MULTI-FACTOR DESIGNED EXPERIMENTS FOR COMPUTATIONAL PERFORMANCE MEASUREMENT ANALYSIS (CPM&A) OF PARALLEL DISTRIBUTED BIG DATA SYSTEMS AND SPAMHAUS DATA ANALYSIS
thesisposted on 2020-12-10, 20:42 authored by Yuying SongYuying Song
Big Data analysis is of great challenges in practice. The data set sizes will grow quickly. And analysing big dataset in a timely manner is critical. In fact, computational performance depends very heavily, not just on size, but on the computational complexity of the analytic routines used in the analysis. Datasets that have computational challenges have a very wide range of sizes. Furthermore, the hardware power available to the data analyst is also an important factor. Improvements in performance from better measurement and analysis can be provided for wide ranges of dataset size, computational complexity, and hardware power. In my first part of dissertation, I will develop an overall framework of practices that can provide guidance to big data platform performance measurement. It has two main impacts, one is to provide a rigorous and comprehensive performance experiment framework on computing methods and systems for big-data analytics by bringing the statistical thinking, the statistical experimental design, and the statistical modeling to the research community. The other is to enhance performance improvement by providing a much better understanding of performance.

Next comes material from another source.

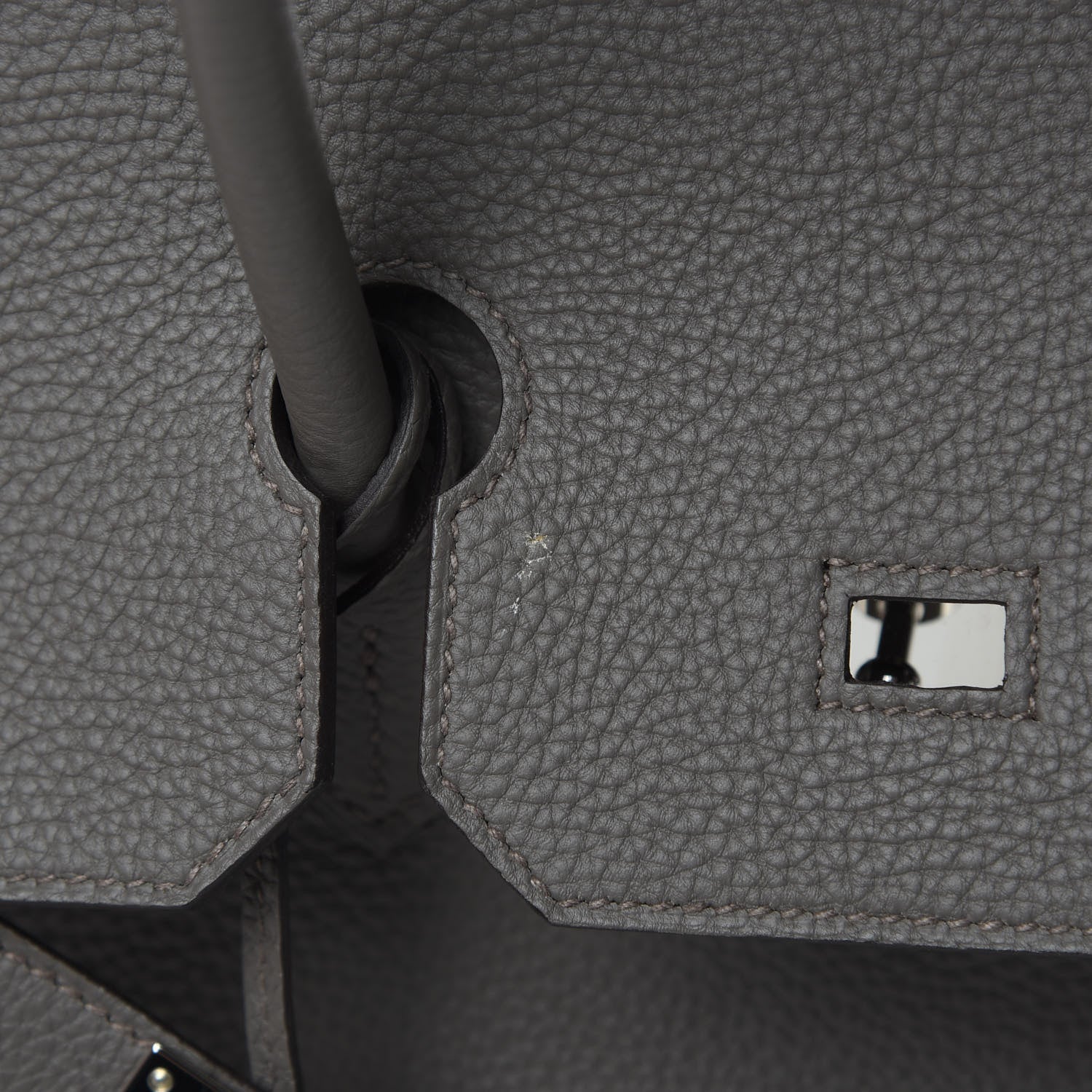 Hermes Togo Birkin 35 Etain 36 of 37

In the second part of the dissertation, I will analyze a 1TB Spamhaus Blacklisted Data by applying Divide and Recombine on Hadoop. The spamhaus data was collected from the Stanford mirror of the Spamhaus Internet IP address and domain name blacklist site. The Spamhaus service classifies IP addresses and domain names as blacklisted or not based on many sources of information and many factors such as being a major conduit for spam. Queries are sent to the site about the status of an IP address or domain name, whether it is blacklisted or not, and if blacklisted the cause. The processed data consist of values of 13 variables for each of 13,178,080,366 queries during 8 months. Subject matter divisions will be carried out and the blacklisted properties will be analyzed. The data were analyzed on Professor Cleveland's 10-node cluster, wsc; it has a little over 1 TB of memory and 200 cores. An important property of the blacklisting and its cause were discovered.